Poleward Stationary Eddy Heat Transport by the Tibetan Plateau and Equatorward Shift of Westerlies during Northern Winter*

2013 ◽  
Vol 70 (10) ◽  
pp. 3288-3301 ◽  
Author(s):  
Hyo-Seok Park ◽  
Shang-Ping Xie ◽  
Seok-Woo Son
Keyword(s):  
Tibetan Plateau ◽  
Heat Transport ◽  
General Circulation ◽  
Hot Spot ◽  
Circulation Model ◽  
The Tibetan Plateau ◽  
Stationary Waves ◽  
Transient Eddy ◽  
Poleward Heat Transport ◽  
Eddy Heat Transport

Abstract The orographic effect of the Tibetan Plateau on atmospheric poleward heat transport is investigated using an atmospheric general circulation model. The linear interference between the Tibetan Plateau–induced winds and the eddy temperature field associated with the land–sea thermal contrast is a key factor for enhancing the poleward stationary eddy heat transport.
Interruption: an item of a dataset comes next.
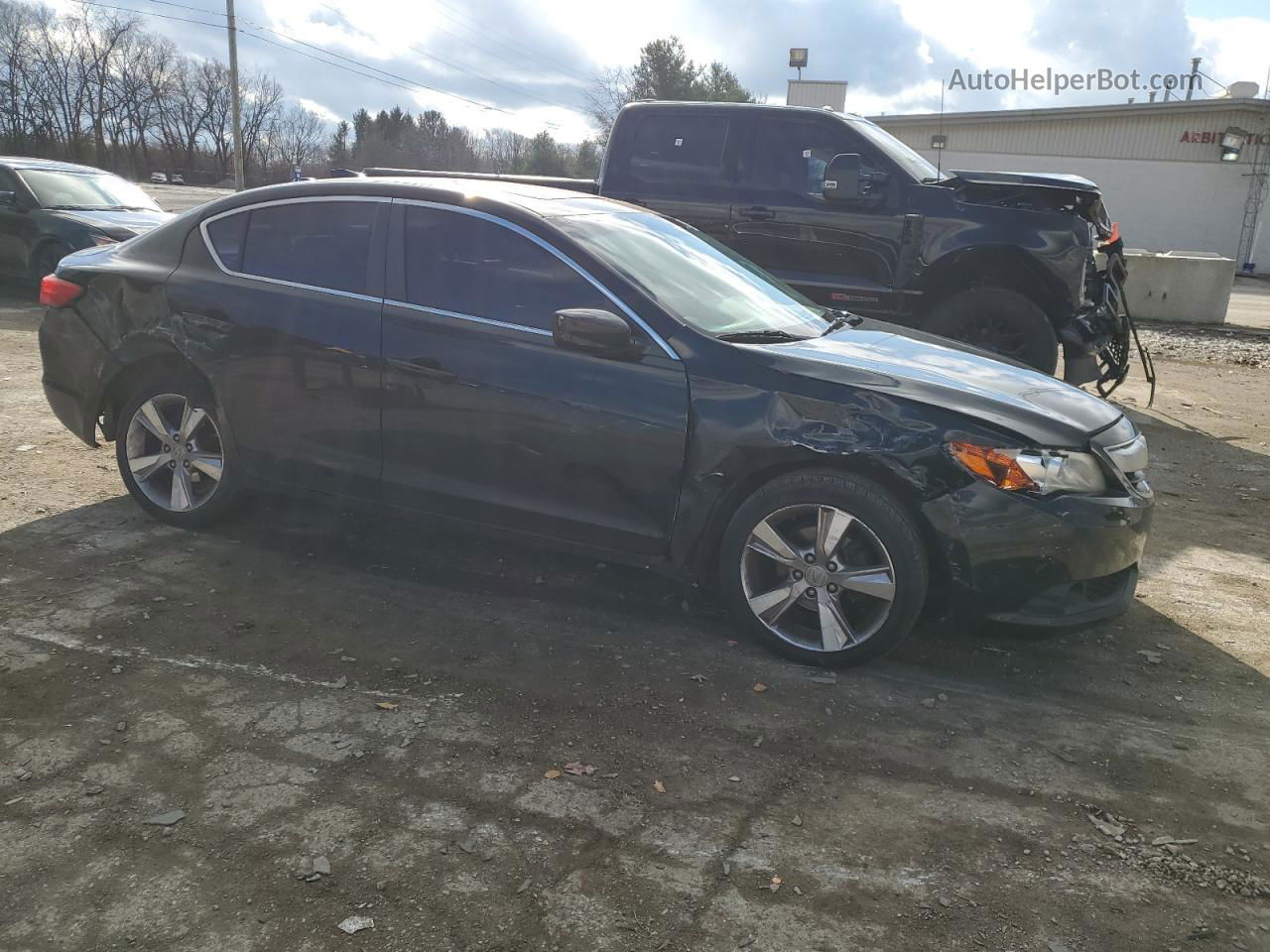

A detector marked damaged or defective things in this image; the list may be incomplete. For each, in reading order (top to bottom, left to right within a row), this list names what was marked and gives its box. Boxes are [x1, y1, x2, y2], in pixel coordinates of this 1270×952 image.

damaged pickup truck [373, 100, 1143, 391]
damaged front end [949, 171, 1159, 401]
cracked asphalt [0, 292, 1262, 952] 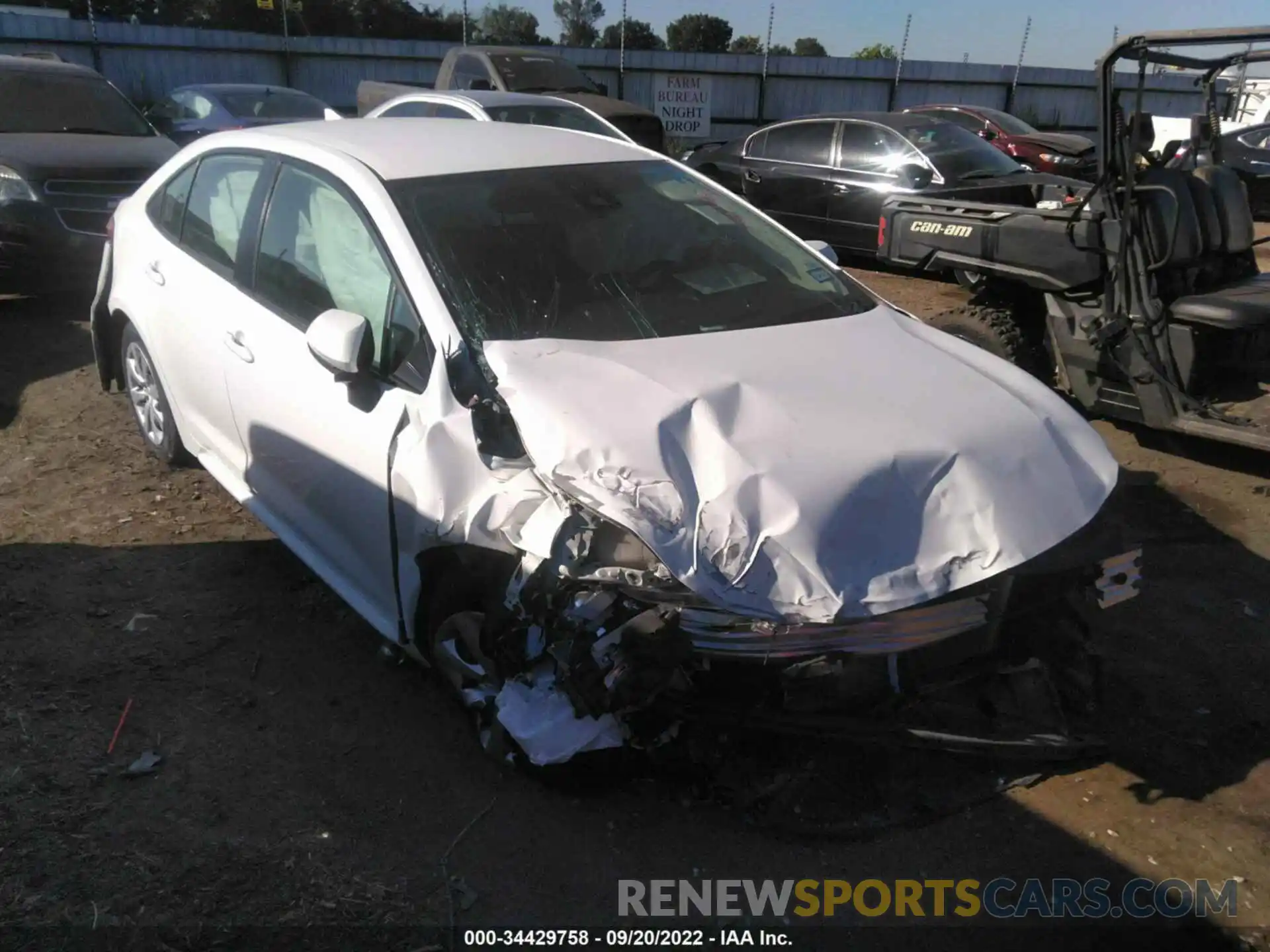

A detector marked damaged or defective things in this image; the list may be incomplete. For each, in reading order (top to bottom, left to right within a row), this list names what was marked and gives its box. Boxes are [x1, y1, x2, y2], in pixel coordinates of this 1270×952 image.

Specifically, Tibetan Plateau–induced stationary waves produce northerlies over the cold eastern Eurasian continent, leading to a poleward heat transport. In another hot spot of stationary eddy heat transport over the eastern North Pacific, Tibetan Plateau–induced stationary waves transport relatively warm marine air northward. In an experiment where the Tibetan Plateau is removed, the poleward heat transport is mostly accomplished by transient eddies, similar to the Southern Hemisphere. In the presence of the Tibetan Plateau, the enhanced stationary eddy heat transport is offset by a comparable reduction in transient eddy heat transport. This compensation between stationary and transient eddy heat transport is seen in observed interannual variability. Both the model and observations indicate that an enhanced poleward heat transport by stationary waves weakens transient eddies by decreasing the meridional temperature gradient and the associated westerlies in midlatitudes.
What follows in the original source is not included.